**TASK DIRECTIONS**: Would you return every entry below exactly as written, without its images?

___ DATA RECORDS ___

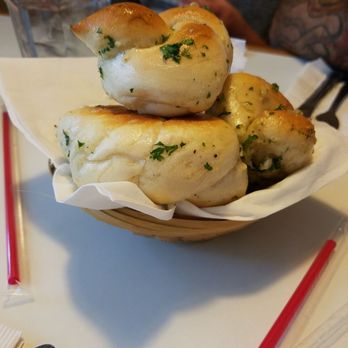 Bravo Restaurant - Free garlic knots - Italian Near Me - Aiea, Hawaii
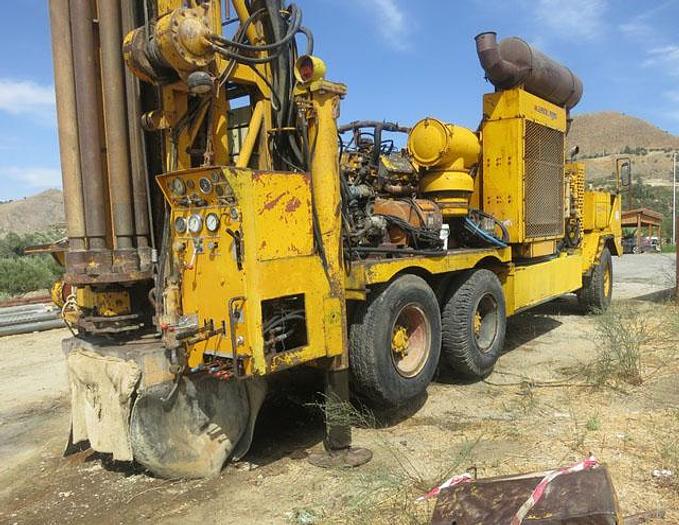 Used 1980 Ingersoll-Rand T4W DH Drill Rig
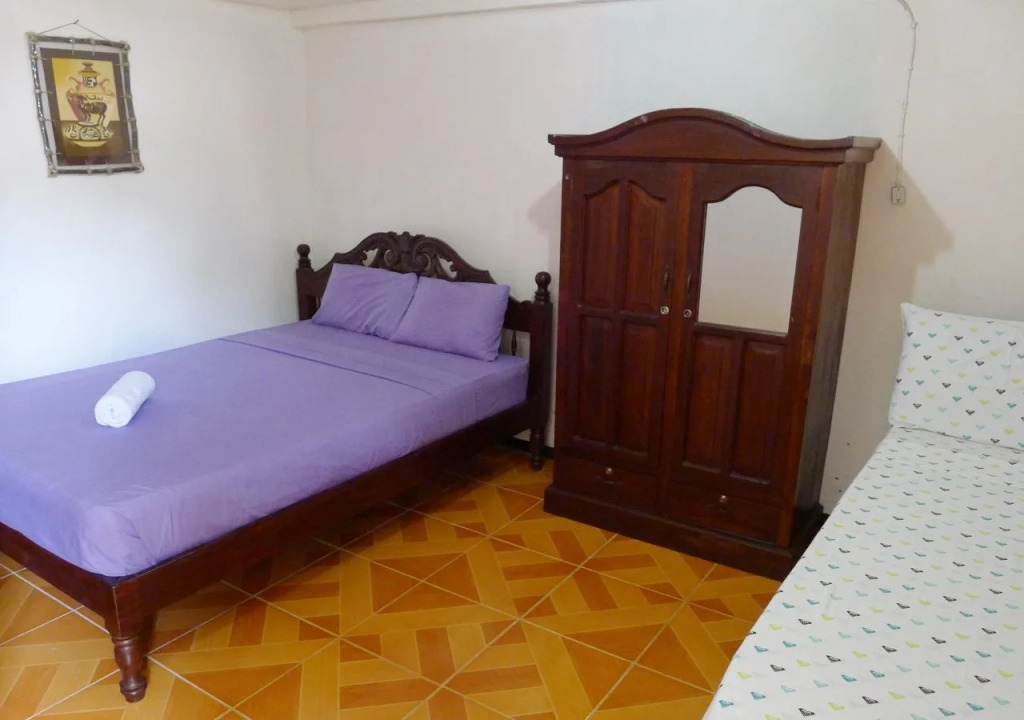 DLM Pensionne House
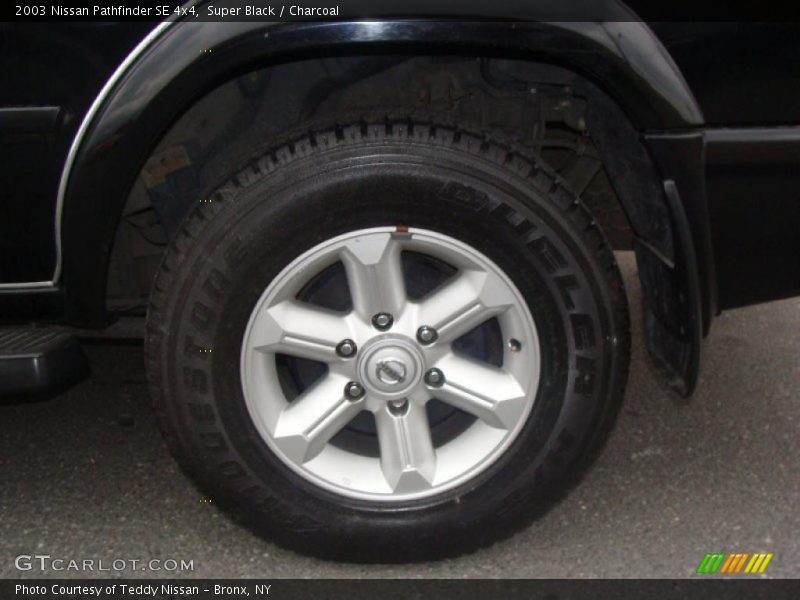 Super Black / Charcoal 2003 Nissan Pathfinder SE 4x4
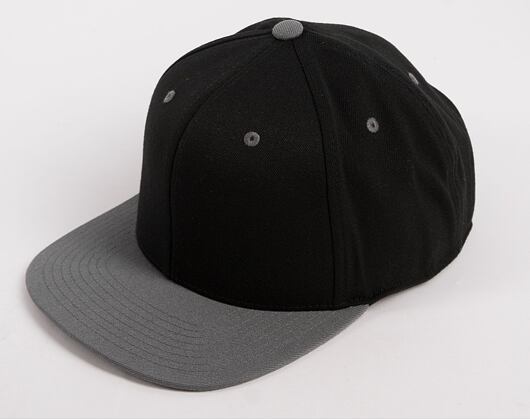 Kšiltovka Yupoong 110 Fitted Snapback Black / Grey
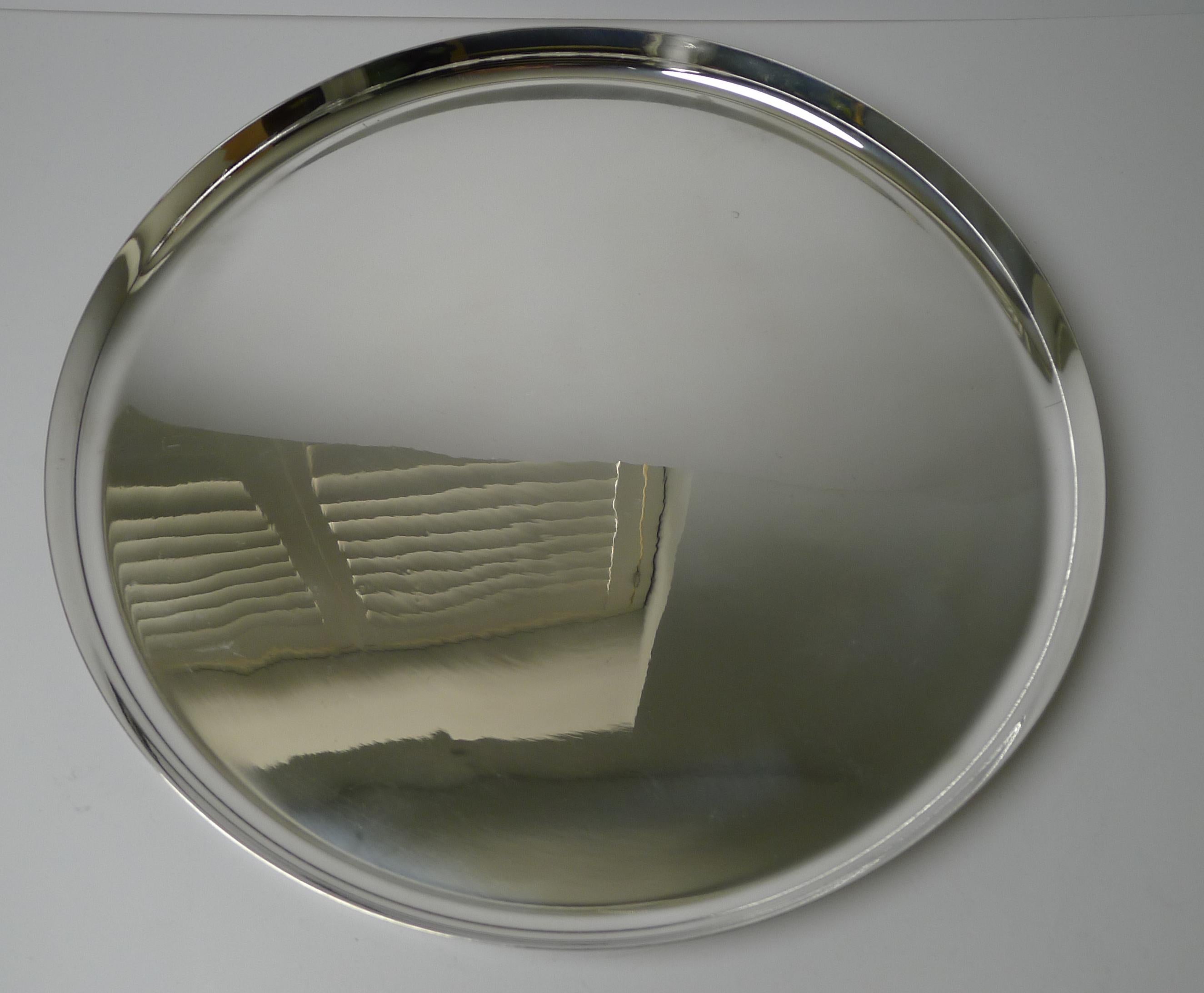 Luc Lanel per Christofle Ondulations Cocktail Shaker / Set da bar, 1930 ca. In condizioni buone a Bath, GB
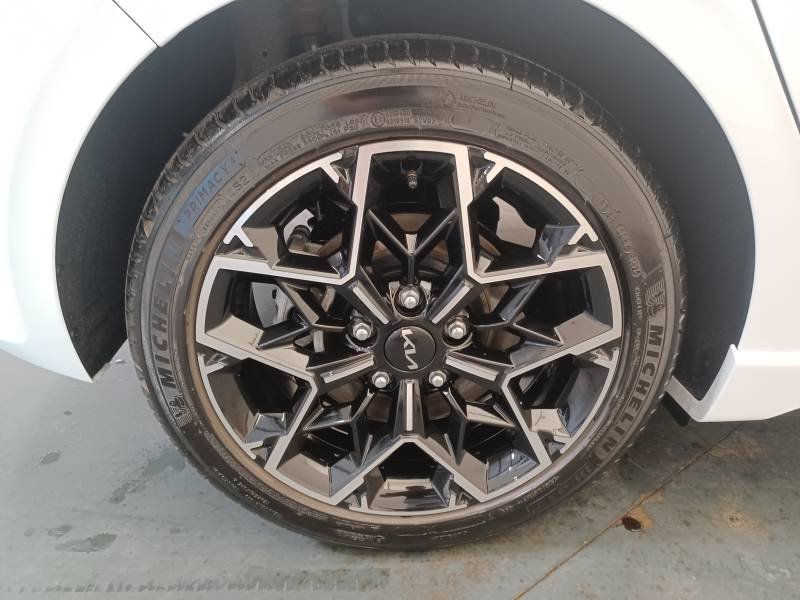 Kia CEED - Photo 9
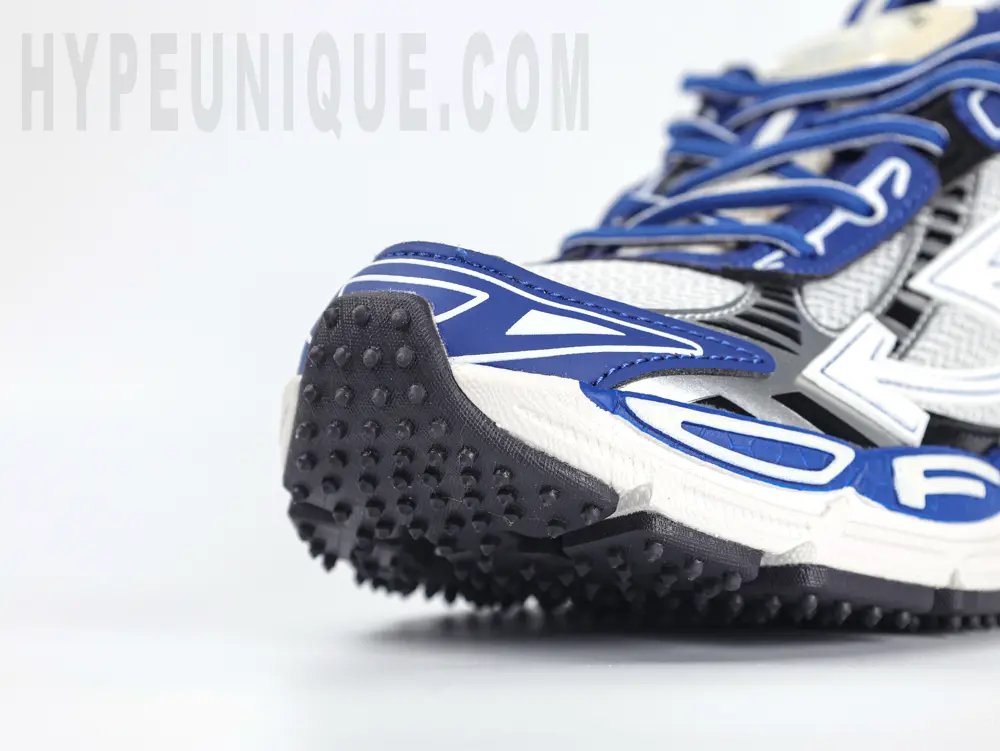 Black and blue toe
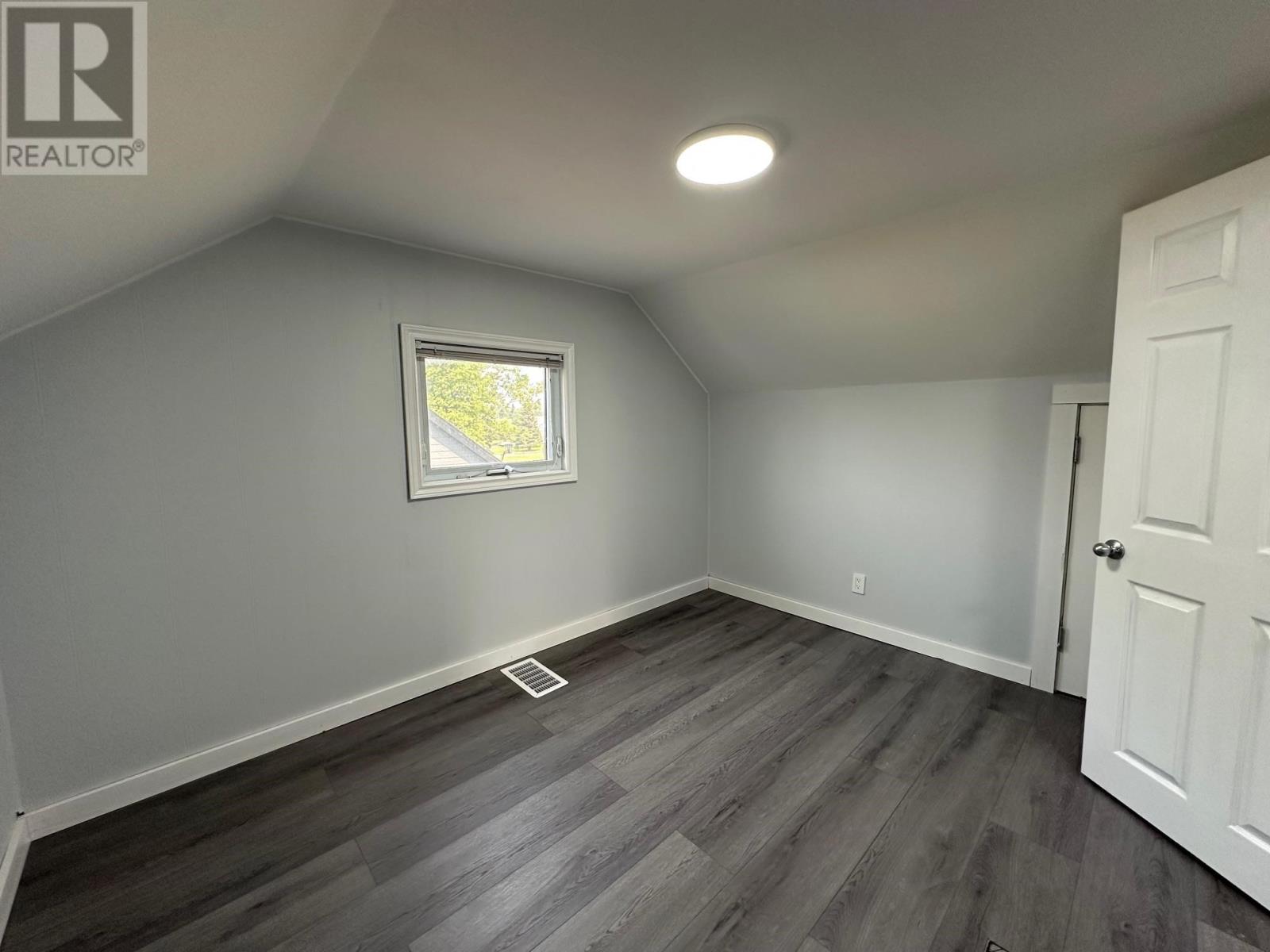 18 Elizabeth Ave, Terrace Bay, Ontario  P0T 2W0 - Photo 17 - TB252159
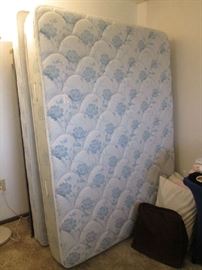 Queen Mattress Set, "Serta" Summer/Winter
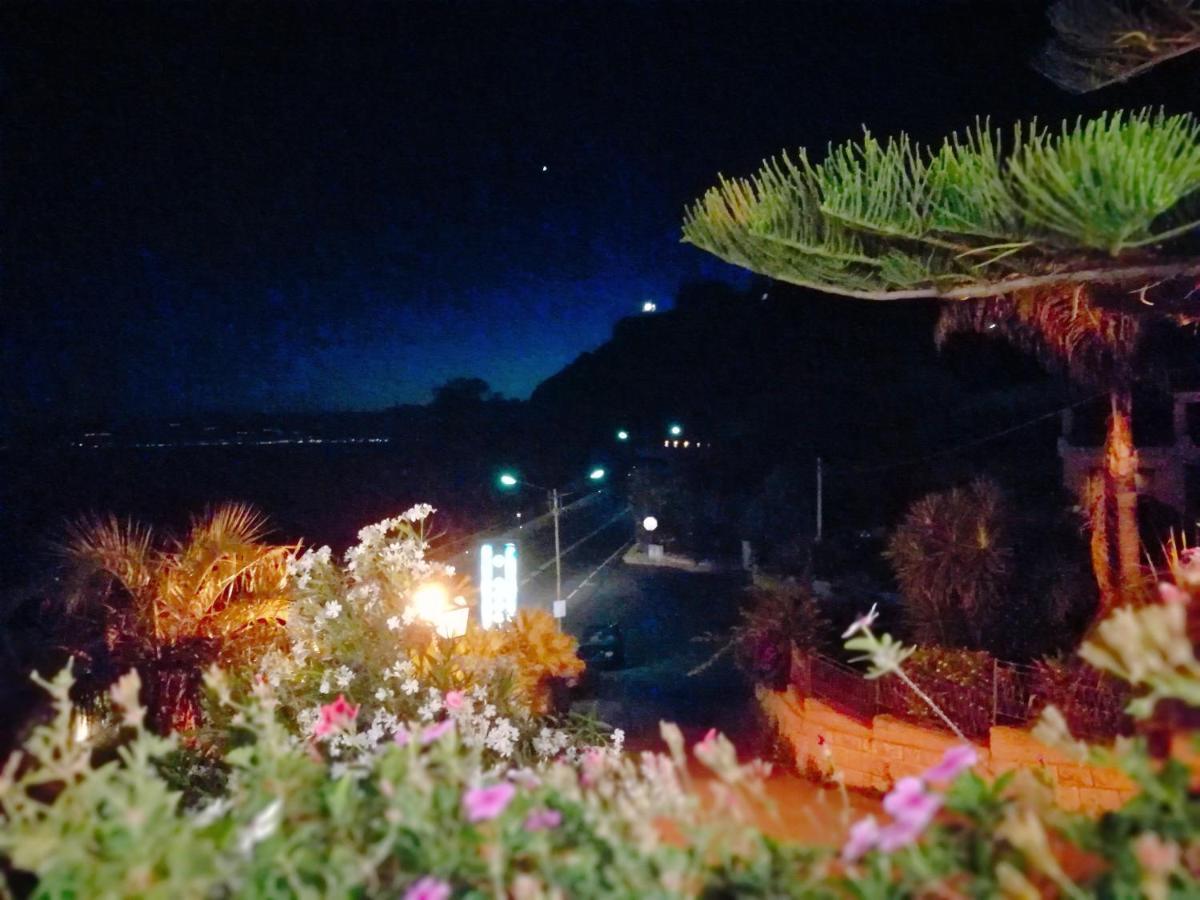 Paradiso Hotel Ristorante Riaci Capo Kültér fotó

___

**SOLUTION TO THIS PROBLEM**:
 Bravo Restaurant - Free garlic knots - Italian Near Me - Aiea, Hawaii
 Used 1980 Ingersoll-Rand T4W DH Drill Rig
 DLM Pensionne House
 Super Black / Charcoal 2003 Nissan Pathfinder SE 4x4
 Kšiltovka Yupoong 110 Fitted Snapback Black / Grey
 Luc Lanel per Christofle Ondulations Cocktail Shaker / Set da bar, 1930 ca. In condizioni buone a Bath, GB
 Kia CEED - Photo 9
 Black and blue toe
 18 Elizabeth Ave, Terrace Bay, Ontario  P0T 2W0 - Photo 17 - TB252159
 Queen Mattress Set, "Serta" Summer/Winter
 Paradiso Hotel Ristorante Riaci Capo Kültér fotó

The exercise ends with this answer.